I counted each blue line on the blank page, tapped my pen to each intersection of the margin’s red and line’s blue. I drew careful circles around each of the notebook’s three holes, studied the perforation on the page. I was stuck, ladies and gentlemen.
It didn’t help that I was crammed sardinially into the hell that is the American subway train. I was losing feeling in my writing hand, a consequence of my arm being squished against the questionable, faux-wood paneling of the thing. There were loud conversations punctuated with the staccato of exaggerated laughter, a homeless man was sprawled out across several seats, loudly singing the Star-Spangled Banner to no one in particular.
It was pretty hard for me to find a single thing that interested me in the positive sense about the majority of the people I was riding with.
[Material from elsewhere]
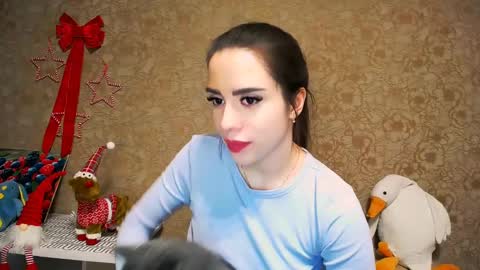 Snapshot of _your_fantasy_girl chatting on 12-28-24, 02:11 Alisa online show from 12-28-24, 02:11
The ones whose eyes weren’t robotically glued to shining screens were loudly listening to music, having phone conversations for all to hear, or speaking in the kind of false, superficial tone that made my skin crawl.
And try as I might, not a single idea would come to rescue me from it all. I started counting my breaths. I felt my heart as it beat steadily against my rib cage. I allowed myself to be conscious of the fact that I was sitting in a large piece of metal that was moving through space. I closed my eyes.
When I came back to, I felt like I was ten miles away from myself. My skull had the distinct feeling of limitless space, of being filled to the brim but still going on and on. A million miles in every direction.
There were sixty-seven cents in the right back pocket of the man seated in front of me. Two quarters, one dime, a nickel, and two pennies. The oldest of the coins was the dime, minted in 1972. It had once been in the possession of its current owner’s grandfather, but neither of them did, or ever would, know that. So why did I? It was all weird.
The man sleeping next to me was born in a poverty-stricken rural village in Mexico. He was currently battling a kidney infection, which infection his wife had no clue existed yet. He didn’t want to worry her.
The woman talking loudly on her phone a few seats up suffered from tinnitus, her loud speaking voice the result of her desperate attempts at hearing her own voice over the persistent ringing in her ears. It all dated back to when she was six, when some idiot kid in the neighborhood tossed an M80 at her on the 4th of July, said M80 exploding dangerously close to her ears.
The young woman speaking in the cringe-worthy, false tone was dealing with crippling anxiety, coupled with her severely low self-esteem. She was just considering that today might be the day that she finally ends it all when a classmate came onto the train and struck up a conversation with her. The tone was nothing more than an attempt to feign happiness. If the classmate thought she was happy, maybe she’d be her friend. Maybe the young woman wouldn’t have to end it all today. Maybe not ever.
The homeless man sprawled out on the seats across from me used to be a tenor in a prominent a capella group. After being foreclosed on during the recession and losing his wife to her fight with cancer, what started out as self-medicating with pills turned into a full-blown addiction. In his head, he was out on the field at the ball game all those years ago, harmonizing with his group as they sang the Star-Spangled Banner.
There were two people in this very train car that would one day get married and have a wonderful life together. A marriage that would last more than sixty years and produce four kids. Those two people didn’t know each other at this moment, and they wouldn’t for another five years.
I knew the birth dates, blood types, favorite foods, hopes and dreams of every last person in that train car. I knew their entire genealogic histories, (one among them was a living relative of George Washington) how many children they would have, what they ate for every breakfast of every day of their lives up until this point and beyond.
I blinked rapidly, taking it all in. How or why any of this happened to me, I hadn’t the slightest clue. I looked down at that empty page, at the blankness of it. And then I looked back at the people. At each and every individual one of them. I put my pen to the page and I wrote. Line after line, page after page. I just wrote.